I contacted the rest of the group to ask if anyone else had received a similar request. They had not. I wasn’t sure if I should take this as a compliment or feel a little creeped out. Had Bill been so impressed by my critique that he now sought out my unique wisdom? Had I perhaps led him on in some way, been too kind with my comments? Or was he simply desperate for validation, and I seemed the least likely of the group to tell him off?
While the credo of most writers’ groups is for the members to learn from one another, Bill’s distressed email didn’t sit right with me. I couldn’t help but feel a little used. It was like having a stranger at a party strike up a conversation with me only to then ask for an introduction to my best friend. It seemed that Bill was only interested in what I could do for him.
The following day, he sent another email. And then another, this time with his novel attached.
the tenses are all off and I haven’t had the time to do transitions but that’s what you get with a first draft. it’s only 137 pages a quick read. do I cut bait or fill in?

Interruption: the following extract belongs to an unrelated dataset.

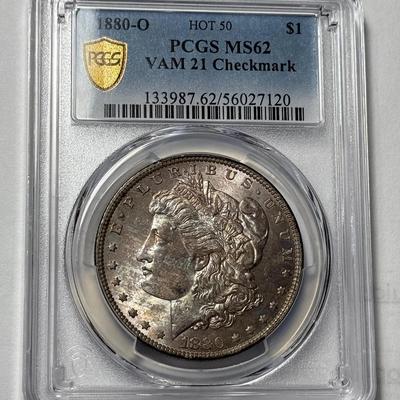 PCGS Certified 1880-O MS62 "HOT-50" Vam-21 Checkmark Graded Morgan Silver Dollar as Pictured.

It was at this point that I wrote him back. I told him I was unable to help him, that my hands were full with my own projects at present. I encouraged him to set his novel aside for a little while, until he could come back to it with a fresh perspective. I did not hear from him again.
The other members of my writers’ group decided to rescind Bill’s invitation to join due to the quality – or lack thereof – of his writing and the fact that some thought he had been unnecessarily harsh in his critique of another member’s work. His emails to me, I was told, were the literary icing on the cake.
Although I was admittedly put off by his neediness, I still felt sad for him. We all get a little lost along the way, and can only hope that when we do, someone will be there to offer a helping hand.
* The alternative to revision is, of course, crouching in a dark corner and drinking gin.